The new Hubble constant value is 73.2 kilometers per second per megaparsec. And when the team was comparing that value with the Wilkinson Microwave Anisotropy Probe and ESA’s Planck satellite predictions, the numbers came out to be 5 and 9 percent smaller, respectively.
Now, there are a couple of reasons for this discrepancy: dark energy might be shoving galaxies away from each other with growing strength. Or, new subatomic particles that travel close to the speed of light (known as dark radiation) could be throwing off the predictions. Or, for the third in the trifecta of “dark” elements of space: dark matter might have some strange characteristics we don’t know about yet.

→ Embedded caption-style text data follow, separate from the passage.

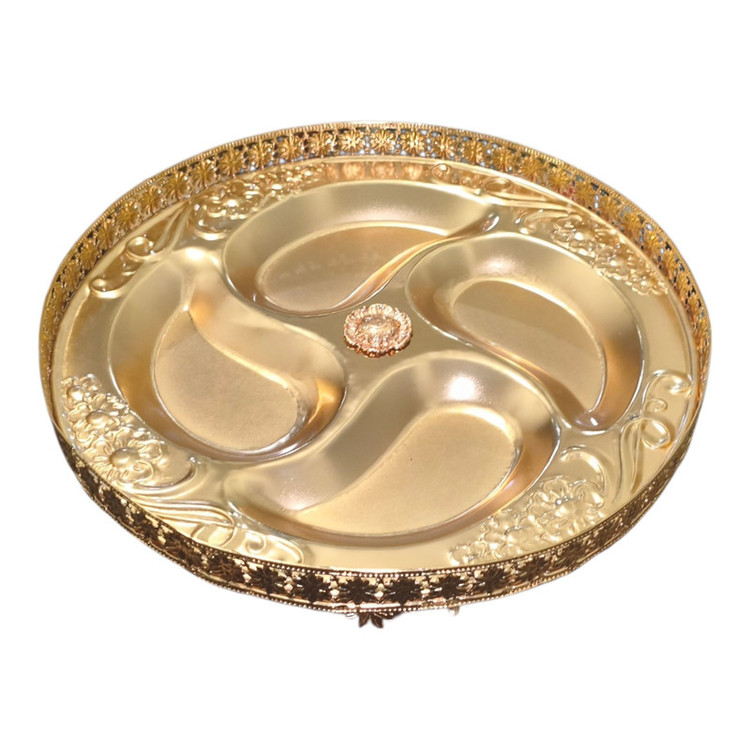 اردوخوری مدل چهارخانه سلطنتی پایه دار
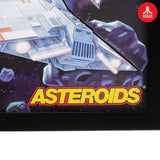 Atari 3D Asteroids wall art framed print 33cm, UK version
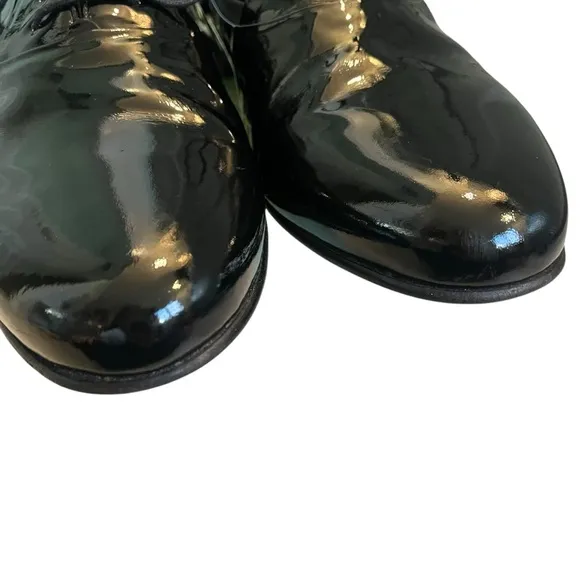 Mezlan Broadway Patent Leather Dress Shoes, Sz 14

“This surprising finding may be an important clue to understanding those mysterious parts of the universe that make up 95 percent of everything and don’t emit light, such as dark energy, dark matter, and dark radiation,” Riess said in a press release.
And it might also put Einstein’s general theory of relativity to the test. This revised Hubble constant is is more accurate than it ever has been before, with an uncertainty of about 2.4 percent, compared with the previous 3.3 percent. A team of astronomers are now working with Hubble to reduce the uncertainty in the Hubble constant to get it down to 1 percent.